====== INPUT DATA
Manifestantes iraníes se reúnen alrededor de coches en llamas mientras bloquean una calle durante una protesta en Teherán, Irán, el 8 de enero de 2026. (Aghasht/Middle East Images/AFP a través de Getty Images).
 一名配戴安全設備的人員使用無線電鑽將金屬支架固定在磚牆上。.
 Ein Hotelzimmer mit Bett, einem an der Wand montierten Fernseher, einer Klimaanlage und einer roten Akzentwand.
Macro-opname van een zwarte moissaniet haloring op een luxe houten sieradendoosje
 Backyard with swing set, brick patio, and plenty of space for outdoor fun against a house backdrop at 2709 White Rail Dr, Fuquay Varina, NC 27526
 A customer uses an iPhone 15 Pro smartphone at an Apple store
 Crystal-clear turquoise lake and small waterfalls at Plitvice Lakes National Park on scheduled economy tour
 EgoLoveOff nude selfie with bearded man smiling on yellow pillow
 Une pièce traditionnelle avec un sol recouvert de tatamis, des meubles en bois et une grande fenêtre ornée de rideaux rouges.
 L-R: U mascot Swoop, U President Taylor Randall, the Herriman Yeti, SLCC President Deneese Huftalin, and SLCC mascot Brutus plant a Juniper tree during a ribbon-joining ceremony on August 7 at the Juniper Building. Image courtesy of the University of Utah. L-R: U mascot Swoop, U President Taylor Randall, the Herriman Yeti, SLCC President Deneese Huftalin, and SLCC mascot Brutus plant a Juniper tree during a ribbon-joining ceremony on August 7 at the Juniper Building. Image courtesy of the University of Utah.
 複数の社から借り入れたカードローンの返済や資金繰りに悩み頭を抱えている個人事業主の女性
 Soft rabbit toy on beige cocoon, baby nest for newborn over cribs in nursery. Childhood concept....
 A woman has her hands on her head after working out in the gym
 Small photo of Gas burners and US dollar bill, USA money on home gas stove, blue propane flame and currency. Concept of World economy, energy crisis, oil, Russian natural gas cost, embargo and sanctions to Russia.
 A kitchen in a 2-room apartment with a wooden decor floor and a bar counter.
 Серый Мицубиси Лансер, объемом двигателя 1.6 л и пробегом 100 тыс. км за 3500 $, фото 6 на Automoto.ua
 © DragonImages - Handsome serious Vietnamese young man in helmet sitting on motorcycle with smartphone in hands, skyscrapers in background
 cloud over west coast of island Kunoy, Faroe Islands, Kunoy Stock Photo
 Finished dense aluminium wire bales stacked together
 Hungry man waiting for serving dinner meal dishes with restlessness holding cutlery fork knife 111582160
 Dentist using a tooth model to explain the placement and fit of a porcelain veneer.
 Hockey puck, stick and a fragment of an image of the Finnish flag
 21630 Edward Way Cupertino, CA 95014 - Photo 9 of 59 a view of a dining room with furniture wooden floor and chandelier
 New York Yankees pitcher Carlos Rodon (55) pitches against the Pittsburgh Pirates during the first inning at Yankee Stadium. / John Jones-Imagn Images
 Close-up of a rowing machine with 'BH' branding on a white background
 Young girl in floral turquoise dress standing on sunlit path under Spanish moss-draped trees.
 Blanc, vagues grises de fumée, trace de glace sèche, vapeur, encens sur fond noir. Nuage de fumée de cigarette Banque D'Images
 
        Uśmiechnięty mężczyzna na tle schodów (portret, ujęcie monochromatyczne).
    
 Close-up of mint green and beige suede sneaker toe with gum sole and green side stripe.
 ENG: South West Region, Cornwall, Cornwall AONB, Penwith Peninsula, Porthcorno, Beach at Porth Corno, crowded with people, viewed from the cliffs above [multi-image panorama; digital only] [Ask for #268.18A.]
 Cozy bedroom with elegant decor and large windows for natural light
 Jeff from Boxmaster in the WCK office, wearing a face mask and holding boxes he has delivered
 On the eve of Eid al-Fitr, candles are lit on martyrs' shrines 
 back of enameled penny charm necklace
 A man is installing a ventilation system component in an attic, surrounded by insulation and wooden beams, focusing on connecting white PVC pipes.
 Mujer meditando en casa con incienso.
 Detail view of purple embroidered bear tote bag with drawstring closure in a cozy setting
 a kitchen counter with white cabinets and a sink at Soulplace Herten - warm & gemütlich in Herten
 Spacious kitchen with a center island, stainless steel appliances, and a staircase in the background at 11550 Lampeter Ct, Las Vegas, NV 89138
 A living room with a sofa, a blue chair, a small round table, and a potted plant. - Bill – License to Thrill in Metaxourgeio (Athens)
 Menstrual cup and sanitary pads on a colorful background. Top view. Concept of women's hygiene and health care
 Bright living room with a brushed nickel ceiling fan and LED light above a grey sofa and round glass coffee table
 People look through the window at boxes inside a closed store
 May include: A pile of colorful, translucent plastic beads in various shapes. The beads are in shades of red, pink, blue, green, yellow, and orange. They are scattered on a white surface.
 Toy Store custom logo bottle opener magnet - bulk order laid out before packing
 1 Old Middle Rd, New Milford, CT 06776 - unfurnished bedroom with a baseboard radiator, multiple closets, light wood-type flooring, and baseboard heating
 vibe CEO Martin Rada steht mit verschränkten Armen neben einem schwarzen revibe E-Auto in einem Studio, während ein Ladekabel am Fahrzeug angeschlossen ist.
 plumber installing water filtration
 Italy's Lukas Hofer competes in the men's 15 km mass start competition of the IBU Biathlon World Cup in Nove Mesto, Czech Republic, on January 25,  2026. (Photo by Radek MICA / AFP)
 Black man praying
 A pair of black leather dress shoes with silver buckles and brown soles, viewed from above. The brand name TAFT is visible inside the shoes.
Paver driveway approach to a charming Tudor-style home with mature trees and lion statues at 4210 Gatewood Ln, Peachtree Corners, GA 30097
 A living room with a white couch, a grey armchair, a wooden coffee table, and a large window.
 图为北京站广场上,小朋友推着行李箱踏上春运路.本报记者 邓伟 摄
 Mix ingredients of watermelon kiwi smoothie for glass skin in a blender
============
_YOUR OBJECTIVE_
Look through the entries above and quote exactly the lines from the line with "一名配戴安全設備的人員使用無線電鑽將金屬支架固定在磚牆上。." to the line with "Une pièce traditionnelle", counting both of those lines.

_WRITTEN RESPONSE_
 一名配戴安全設備的人員使用無線電鑽將金屬支架固定在磚牆上。.
 Ein Hotelzimmer mit Bett, einem an der Wand montierten Fernseher, einer Klimaanlage und einer roten Akzentwand.
Macro-opname van een zwarte moissaniet haloring op een luxe houten sieradendoosje
 Backyard with swing set, brick patio, and plenty of space for outdoor fun against a house backdrop at 2709 White Rail Dr, Fuquay Varina, NC 27526
 A customer uses an iPhone 15 Pro smartphone at an Apple store
 Crystal-clear turquoise lake and small waterfalls at Plitvice Lakes National Park on scheduled economy tour
 EgoLoveOff nude selfie with bearded man smiling on yellow pillow
 Une pièce traditionnelle avec un sol recouvert de tatamis, des meubles en bois et une grande fenêtre ornée de rideaux rouges.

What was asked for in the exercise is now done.